Fletcher v. Jones

WELLS, Judge.

We note at the outset that judgment in this case was entered out of court and out of district from the 24 January 1983 term of Dare County Superior Court. Such an entry of judgment is proper only where permitted by statute, or, as here, where the parties consent. Utilities Commission v. State, 243 N.C. 12, 89 S.E. 2d 727 (1955), reh. denied, 243 N.C. 685, 91 S.E. 2d 899 (1956).

Defendant contends that the trial court erred in ordering specific performance of the contract, because it had either lapsed or been rescinded as of 26 September 1981, when plaintiff attempted to convey the executed note and deed of trust to defendant. Plaintiff contends that the time for performance of the contract was extended on 29 January and 4 August and a binding agreement existed on 26 September 1981.

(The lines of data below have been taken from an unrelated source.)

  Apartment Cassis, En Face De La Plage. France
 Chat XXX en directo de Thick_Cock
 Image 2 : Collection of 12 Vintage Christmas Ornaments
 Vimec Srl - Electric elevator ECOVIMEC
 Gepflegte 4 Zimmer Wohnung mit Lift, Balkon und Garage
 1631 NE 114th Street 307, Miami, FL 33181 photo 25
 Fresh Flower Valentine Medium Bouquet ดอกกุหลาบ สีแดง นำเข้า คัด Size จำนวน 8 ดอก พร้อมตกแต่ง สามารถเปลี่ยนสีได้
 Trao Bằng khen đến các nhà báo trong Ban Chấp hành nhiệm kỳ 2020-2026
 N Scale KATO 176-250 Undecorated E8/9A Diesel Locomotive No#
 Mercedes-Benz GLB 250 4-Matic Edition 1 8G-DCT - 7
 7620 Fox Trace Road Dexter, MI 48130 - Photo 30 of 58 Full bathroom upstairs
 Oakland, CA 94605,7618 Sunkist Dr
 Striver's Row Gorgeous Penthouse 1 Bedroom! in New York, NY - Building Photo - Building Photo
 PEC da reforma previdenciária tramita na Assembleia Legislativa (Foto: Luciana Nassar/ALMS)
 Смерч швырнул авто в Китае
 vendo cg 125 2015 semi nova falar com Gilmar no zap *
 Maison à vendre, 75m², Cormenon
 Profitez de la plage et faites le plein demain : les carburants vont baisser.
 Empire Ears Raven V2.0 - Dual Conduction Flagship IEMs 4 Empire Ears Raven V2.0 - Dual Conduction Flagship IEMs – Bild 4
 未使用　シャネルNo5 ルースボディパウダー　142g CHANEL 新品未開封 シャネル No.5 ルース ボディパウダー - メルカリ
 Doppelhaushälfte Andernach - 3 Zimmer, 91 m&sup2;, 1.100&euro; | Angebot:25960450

To determine whether a valid contract existed on 26 September 1981, we must examine the legal effect of the events occurring between August 1980 and September 1981. Under the agreement executed on 18 August, closing in the land sale was to be held on 9 January 1981. The sale was conditioned, however, on *434defendant’s ability to obtain a divorce from his wife or her consent to a deed by the closing date. This provision constitutes a condition precedent to the parties’ obligation to perform under the contract. “Conditions precedent . . . are those facts and events, occurring subsequently to the making of a valid contract, that must exist or occur before there is a right to immediate performance, before there is a breach of contract duty . . .” 3A Corbin on Contracts § 628 (1960 & 1971 Supp.), Tire Co. v. Morefield, 35 N.C. App. 385, 241 S.E. 2d 353 (1978).1 It is clear therefore that neither party was obligated to perform under the contract unless the condition precedent was met by the closing date.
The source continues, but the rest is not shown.